My mom asked me tonight why I am waiting to have surgery, and I told her that I know what will happen: I will say, “Let’s do it”, and I will emotionally break. As soon as I said that to my mom, I nearly broke. As tears rolled down my face and my lips quivered, I told my parents, “You guys have to realize how hard it is. It’s hard to go to church and see these young couples talk about God bringing them together. And you see them having babies, and saying that God gave them this gift. It makes you feel worthless. Like God hates you or is playing favorites. I can’t look at that anymore! But the day I give in to being barren will be the first day of many, many tears. ”

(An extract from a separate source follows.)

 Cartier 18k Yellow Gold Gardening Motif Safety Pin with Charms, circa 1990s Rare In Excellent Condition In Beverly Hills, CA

And so, the reality is setting in. I haven’t been to church in a while for a number of reasons. This is one of them. There is a part of me that thinks it’s pointless, because God isn’t listening anyway. And I am concluding that it is time for a hysterectomy. I’m tired of waiting. Tired of wanting. Tired of hope. The older I get, the scarier the thought of bringing a child into the world. I am only up for it if I’m in a healthy relationship, and I’m not even close to that.

I was talking to my friend Randall the other night about relationships. I told him, “In a perfect world, a man would come up to me and ask me out, and I would say, ‘here is a book called Love is a Choice, about overcoming codependency. Read it, think about it, and then call me if you are still interested.’ And months later he would call me, still interested, but emotionally healthier than before.” Randall laughed and said, “No, in the perfect world, he would say, ‘Oh, that book? I already own it. It’s helped me tremendously.’ Then you would KNOW it was a match made in heaven.” He is so right. And well, this isn’t a perfect world, is it?

Now, it's out in the open. The conversation with my parents, and this blog, make it real. So I guess the next step is: when shall I do it?